**Assignment**.
Write out the data below exactly as given, without any of its pictures.

**Provided records**.
'''

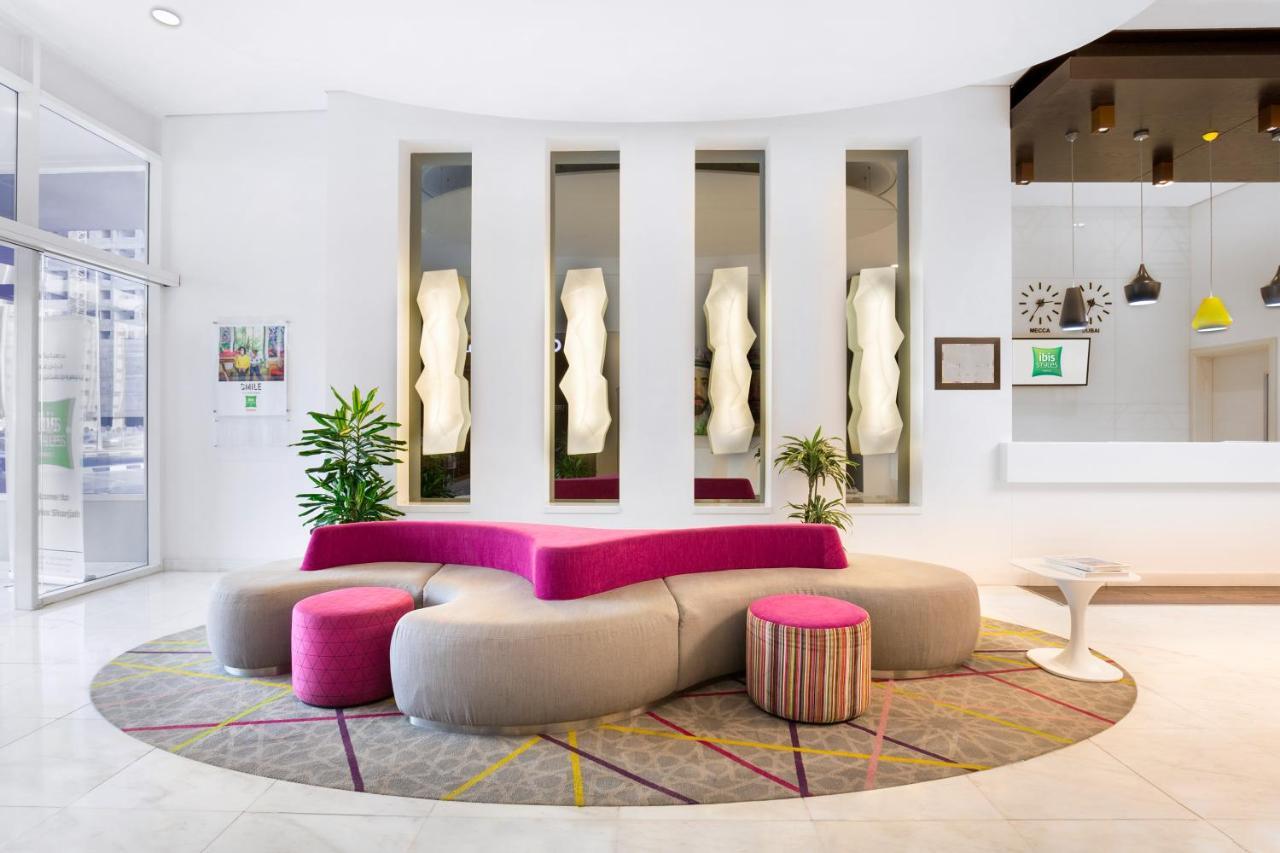 Отель Ibis Styles Шарджа Экстерьер фото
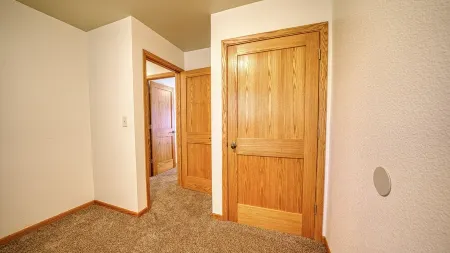 Cozy 5bdrm Haven in the Heart of Gillette 5 Min from Downtown- FREE Pool Passes!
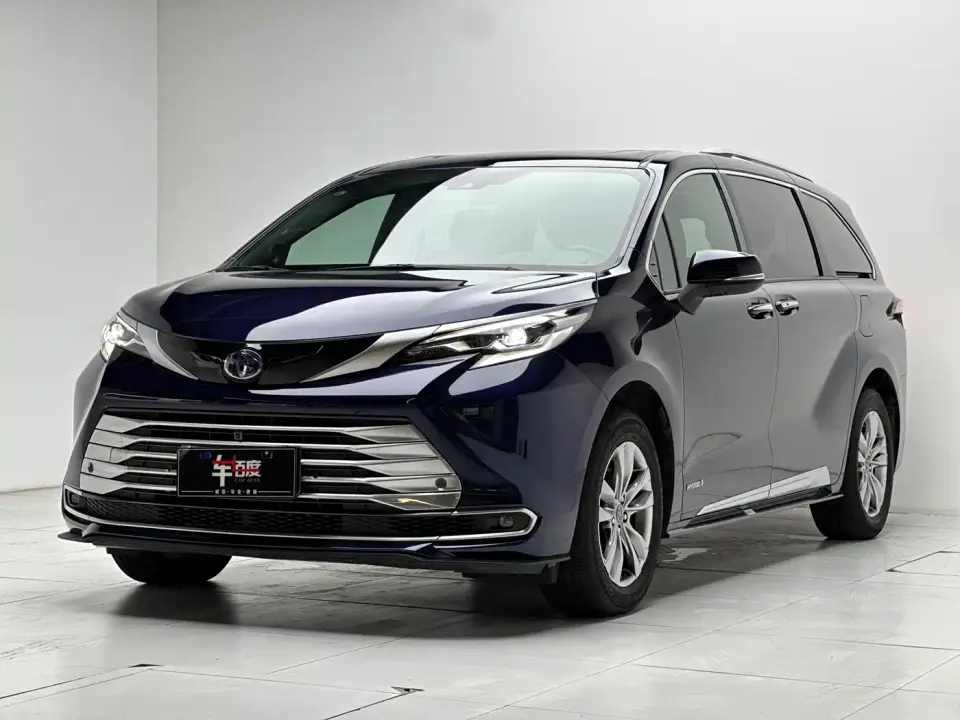 Toyota Sienna 2.5L Hybrid Platinum Edition 2022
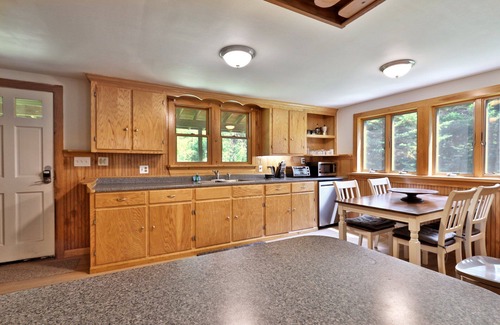 East Haven  Rutland County Cottage | The Mendon Cottage: Charming Home Close to Killington, Pico and Rutland.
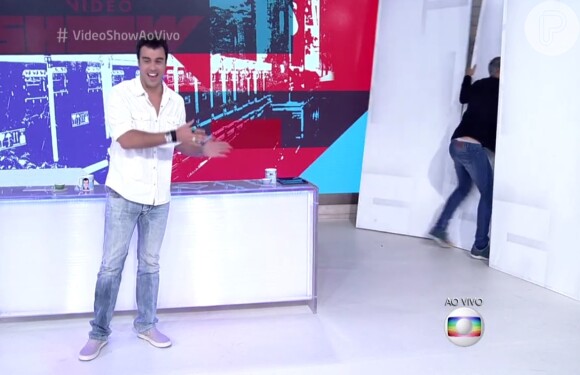 Otaviano Costa brincou ao se rever derrubando as paredes do 'Vídeo Show': 'Olha lá que beleza! Pagando cuecão de couro'
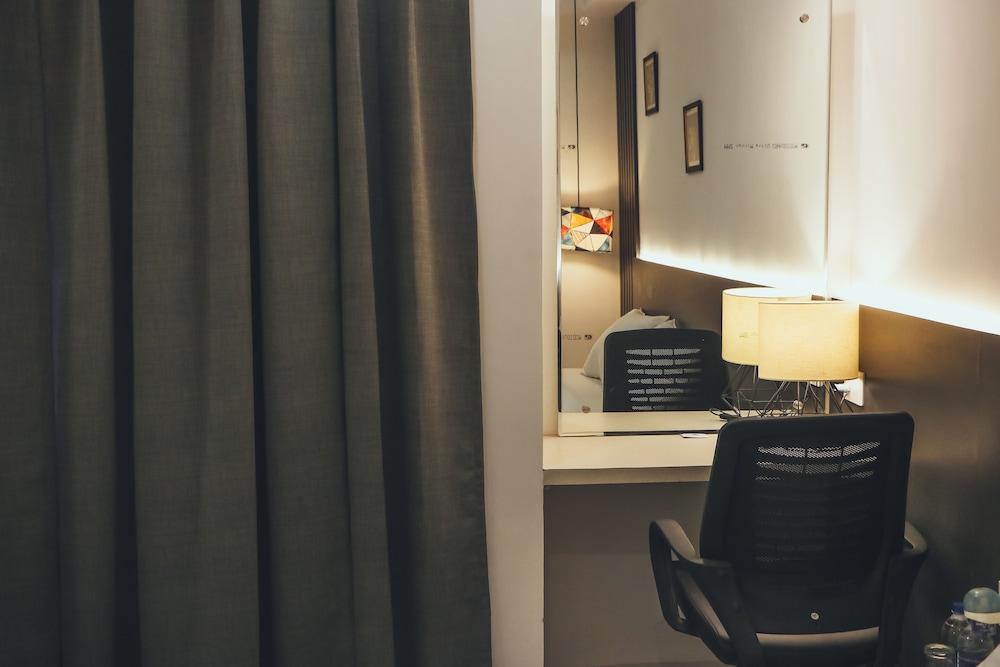 Hotel Madhushree Room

'''

**Answer to the problem**.
 Отель Ibis Styles Шарджа Экстерьер фото
 Cozy 5bdrm Haven in the Heart of Gillette 5 Min from Downtown- FREE Pool Passes!
 Toyota Sienna 2.5L Hybrid Platinum Edition 2022
 East Haven  Rutland County Cottage | The Mendon Cottage: Charming Home Close to Killington, Pico and Rutland.
 Otaviano Costa brincou ao se rever derrubando as paredes do 'Vídeo Show': 'Olha lá que beleza! Pagando cuecão de couro'
 Hotel Madhushree Room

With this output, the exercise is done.